### The data
- - - -

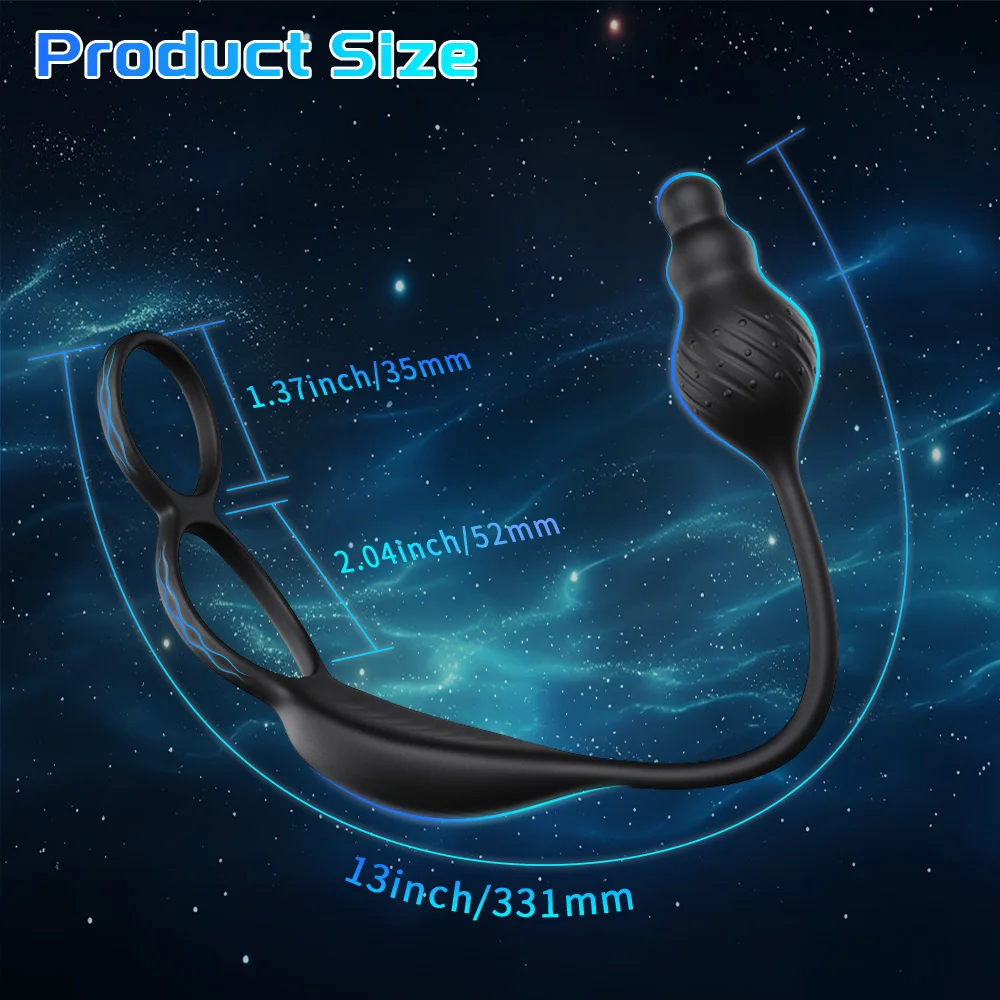 2 in 1 App Controled Vibrating Cock Ring Anal Butt Plug Vvibrator Prostate Massager With Remote 2 Motors Sex Toys For Men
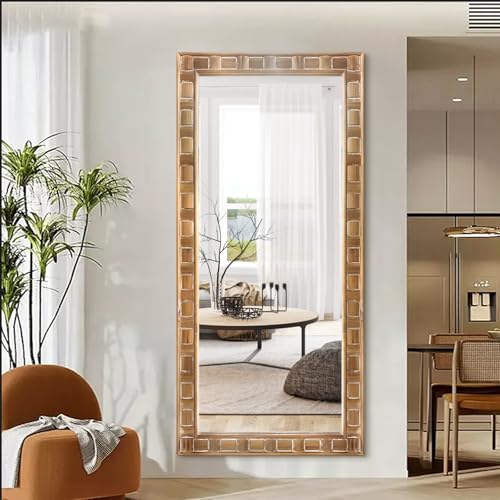 POZINO Full Length Mirror with Solid Wood Frame, 65"x30" Large Rustic Wall Mirror, Farmhouse Rectangle Accent Mirror for Entryway, Hallway, Dressing, Living Room, Bedroom, Horizontal or Vertical - color: Natural Wood, size: 65"Lx30"W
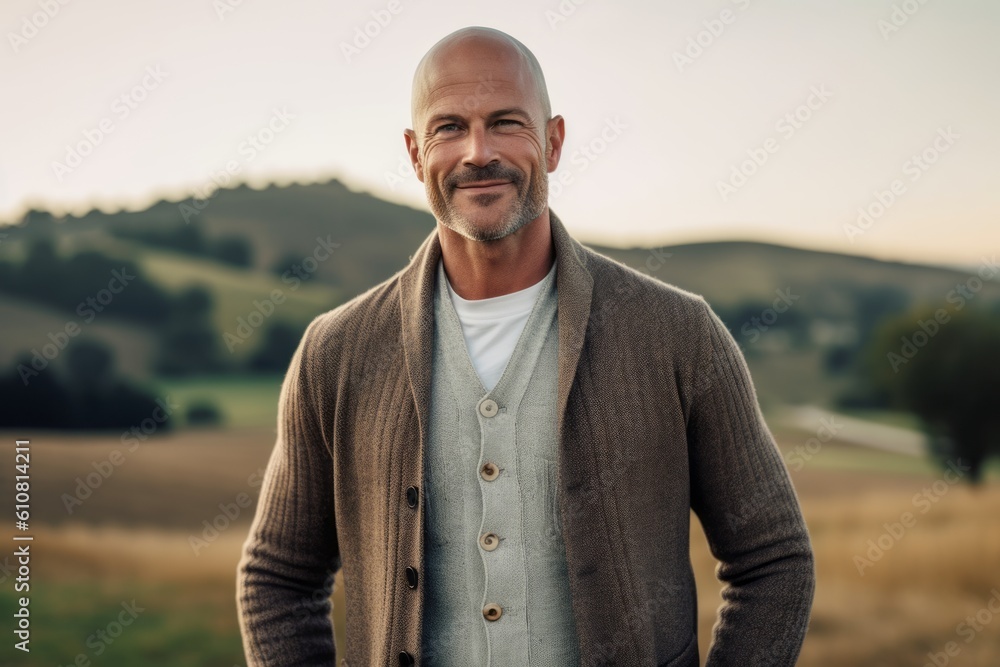 Handsome middle-aged man posing in a field at sunset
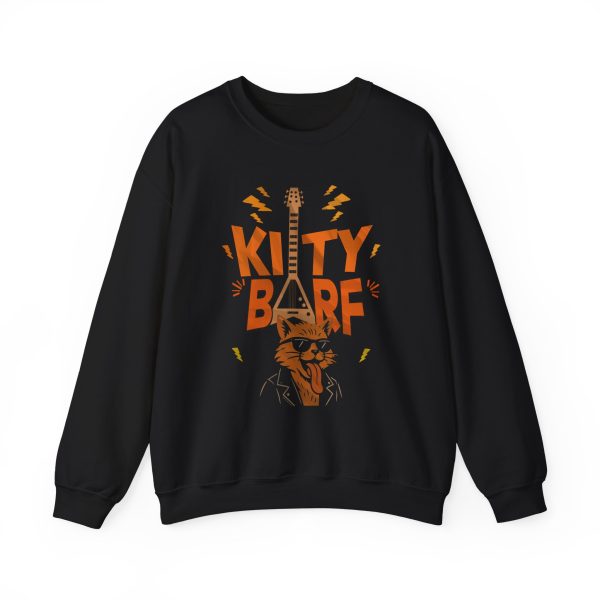 Kitty Barf Guitar Cat with Glasses - Unisex Heavy Blend™ Crewneck Sweatshirt Gildan 18000 - Image 4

- - - -

### Task directions
A word-for-word copy of the material is required; pictures stay out of it.

### Response
 2 in 1 App Controled Vibrating Cock Ring Anal Butt Plug Vvibrator Prostate Massager With Remote 2 Motors Sex Toys For Men
 POZINO Full Length Mirror with Solid Wood Frame, 65"x30" Large Rustic Wall Mirror, Farmhouse Rectangle Accent Mirror for Entryway, Hallway, Dressing, Living Room, Bedroom, Horizontal or Vertical - color: Natural Wood, size: 65"Lx30"W
 Handsome middle-aged man posing in a field at sunset
 Kitty Barf Guitar Cat with Glasses - Unisex Heavy Blend™ Crewneck Sweatshirt Gildan 18000 - Image 4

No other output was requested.